Now, I think that any way of “testing” this causal mechanism—the principal’s beliefs about the agent following an action that the principal believes the agent will never take—necessarily calls into question the mechanism itself. Put another way, the mechanism is epistemological in nature, and thus the principal’s beliefs in (say) an experimental setting where the agent’s action could be induced by the experimenter somehow should necessarily incorporate the (true) possibility that the experimenter (randomly) induced/forced the agent to take the action.
So what? Well, two questions immediately emerge: how should the principal (in the lab) treat the “deviation” by the agent? That’s for another post someday, perhaps. The second question is whether the agent knows that the principal knows that the agent might be induced/forced to take the action. If so, then game theory predicts that the experimental protocol can actually induce the agent to take the action in a “second-order” sense.
Why is this? Well, consider a game in which one player, A, is asked to either keep a cookie or give the cookie to a second player, B. Following this choice, B then decides whether to reward A with a lollipop or throw the lollipop in the trash (B can not eat the lollipop). Suppose also for simplicity that everybody likes lollipops better than cookies and everybody likes cookies better than nothing, but A might be one of two types: the type who likes cookies a little bit, but likes lollipops a lot more (t=Sharer), and the type who likes cookies just a little bit less than lollipops (t=Greedy).

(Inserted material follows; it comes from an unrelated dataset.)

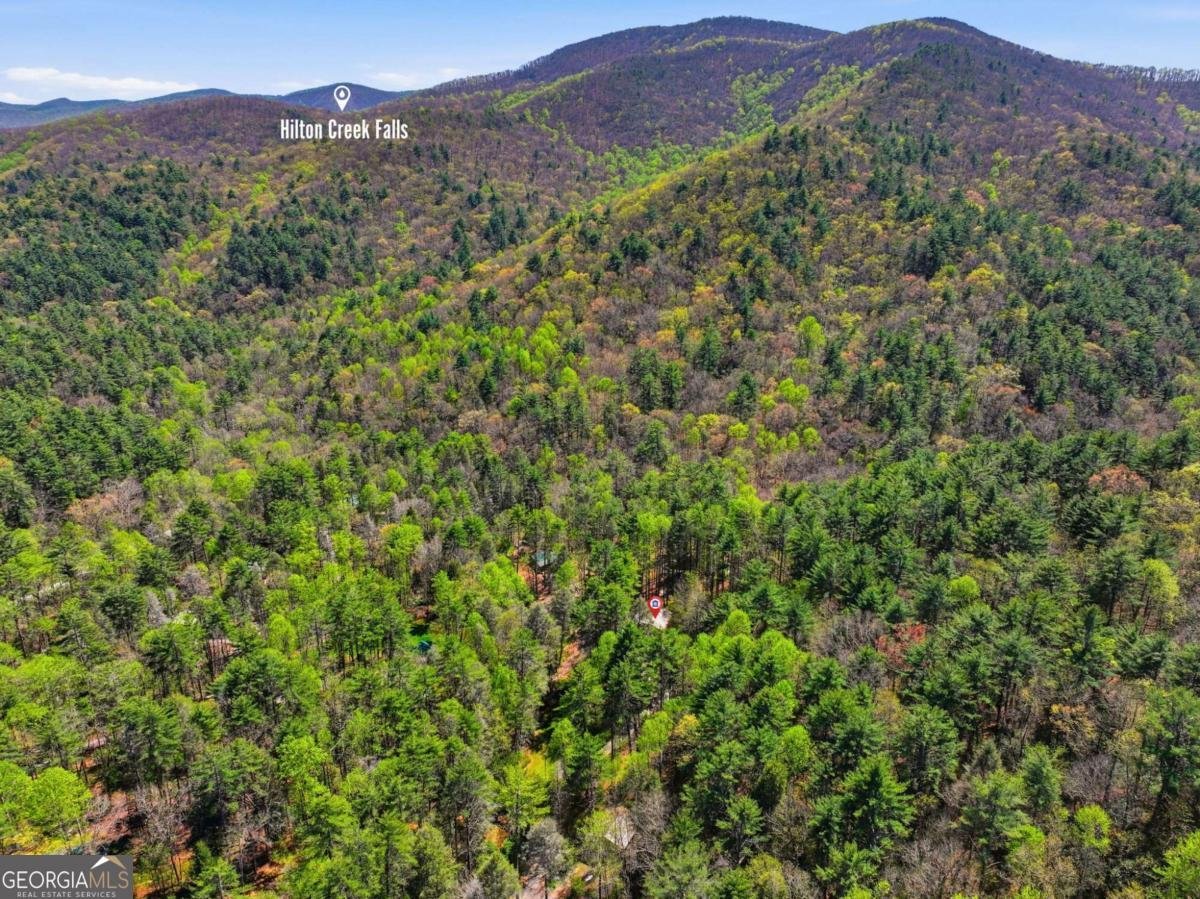 15 Salmon Road Blairsville - Photo 41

Also for simplicity, suppose that each type is equally likely:
Then, suppose that B likes to give lollipops to sharing types (t=Sharer) and is indifferent about giving lollipops to greedy types (t=Greedy).
From B’s perspective, the optimal equilibrium in this “pure” game involves
- Player B’s beliefs and strategy:
- B believing that player A is Greedy if A does not share, and throwing the lollipop away (at no subjective loss to A), and
- B believing that A is equally likely to be a Sharer or Greedy if A does share, and giving A the lollipop (because this results in a net expected gain for B).
- A’s strategy:
- Regardless of type, A gives B the cookie, because this (and only this) gets A the lollipop, which is better than the cookie (given B’s strategy, there is no way for A to get both the cookie and lollipop).
Now, suppose that the experimenter involuntarily and randomly (independently of A’s type) forces A to keep the cookie (say) 5% of the time. At first blush, this seems (to me at least) a reasonable way to “test” this model. But, if the experimental treatment is known to B and A knows that B knows this, and so forth, then the above strategy-belief profile is no longer an equilibrium of the new game (even when altered to allow for the 5% involuntary deviations). In particular, if the players were playing the above profile, then B should believe that any deviation is equally likely to have been forced upon a Sharer as a Greedy player A. Thus, B will receive a positive expected payoff from giving the lollipop to any deviator. Following this logic just about two more steps, all perfect Bayesian equilibria of this “experimentally-induced” game is
- Player B’s beliefs and strategy:
- B believes that player A is equally likely to be a Sharer or Greedy if A does not share, and thus giving A the lollipop
- It doesn’t matter what B’s beliefs are, or what B does if A does share. (Thus, there is technically a continuum of equilibria.)
- A’s strategy:
- Regardless of type, A keeps the cookie, because this gets A both the cookie and lollipop).
By the way, this logic has been used in theoretical models for quite some time (dating back at least to 1982). So, anyway, maybe I’m missing something, but I am starting to wonder if there is an impossibility theorem in here.